Again, a strange approach: historically, October 1 is inextricably linked with the CPC, as the political force that won the Chinese civil war and therefore received the right to establish the PRC. In this regard, the congratulations of the Chinese on “October 1” in any form is the fact of recognition of the CPC as a state-forming political force.
At the same time, relations with the Chinese government and especially with the ruling Communist Party of China are in a critical state at the White House. As the first result of this , the US Migration Service recently announced that it will not give citizenship or residence permits to “members of Communist parties and related organizations”. The reference is to the law of 1918, which did not allow Bolsheviks, anarchists and other subversive elements to enter the United States.
A similar situation is returning. If in the first years of his rule, Trump mainly focused on disputes over the terms of trade with China, today everything Chinese is under the gun of pressure: technologies, students, Confucius institutes, diplomatic missions, etc. It is clear that all this is a classic manifestation of the”cold war”. But when the forest is cut down, the chips fly.

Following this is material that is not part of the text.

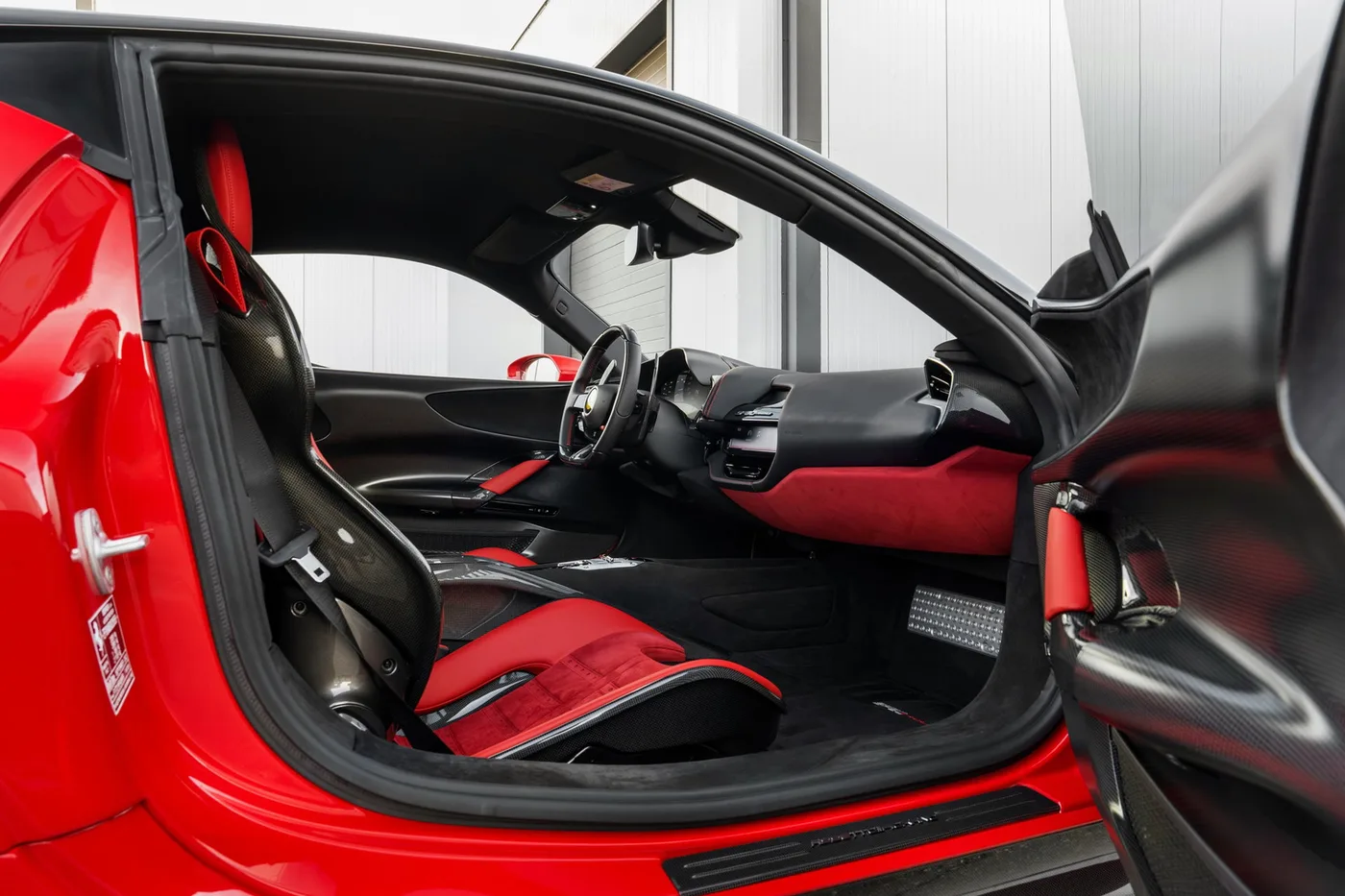 2023 Ferrari SF90 Stradale Assetto Fiorano angeboten von einem Supersportwagenhändler in Woerden, Niederlande, Foto 17 von 25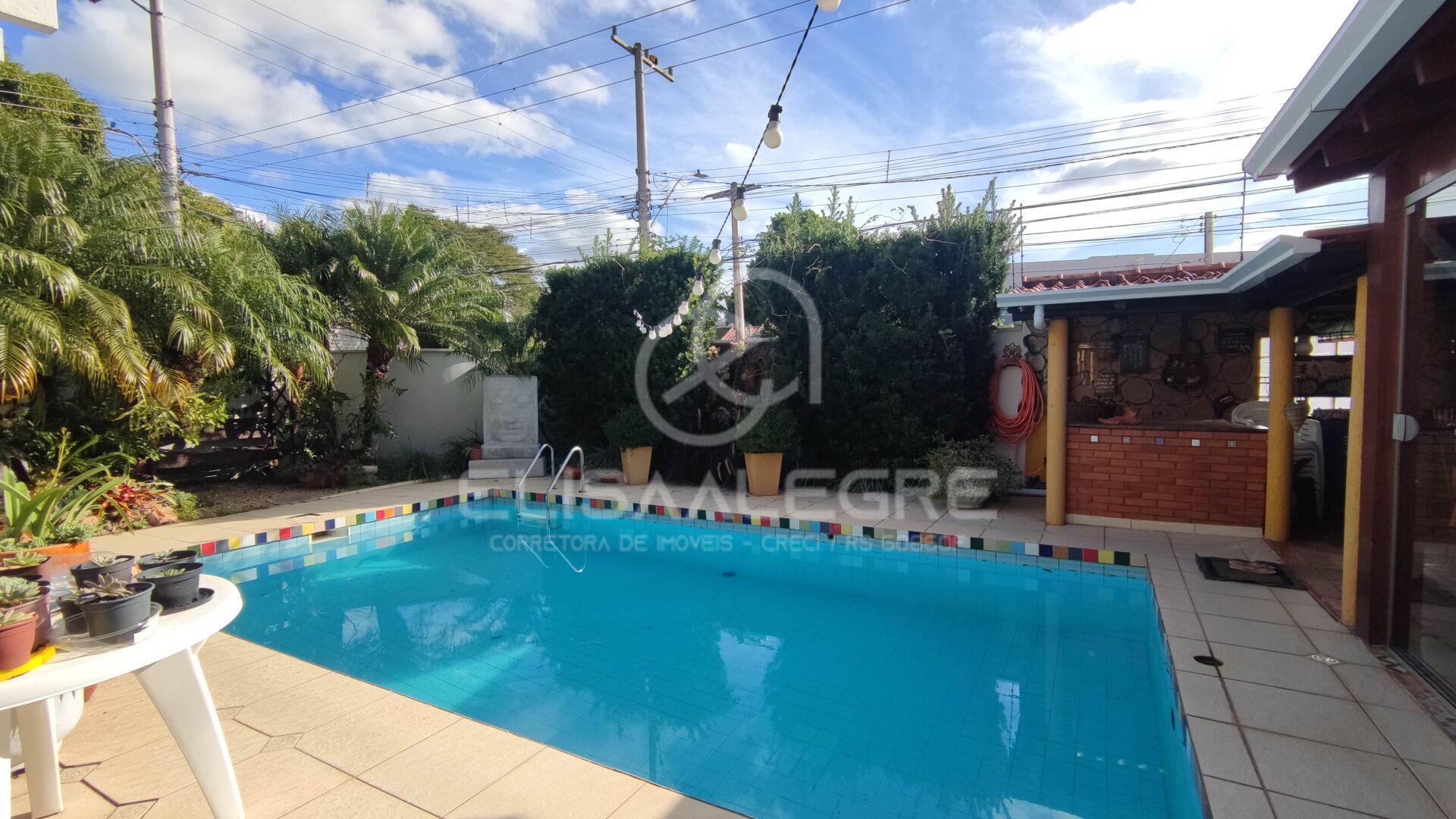 Casa à venda com 2 quartos, 250m² - Foto 3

As a result, their own American citizens of Chinese origin also fall under a large distribution in the United States (and Asian in general, who is there in America in a fit of emotions understands something – the Chinese are “to blame” there, or the Vietnamese with the Japanese?). And they, apparently, will also make their retaliatory move in future elections, voting for a more consistent, adequate and tolerant leader.
Anyway, it will be interesting to observe the development of US relations with China after the November elections, the effect of which on US-Chinese relations will most likely be felt no earlier than by the spring of 2021.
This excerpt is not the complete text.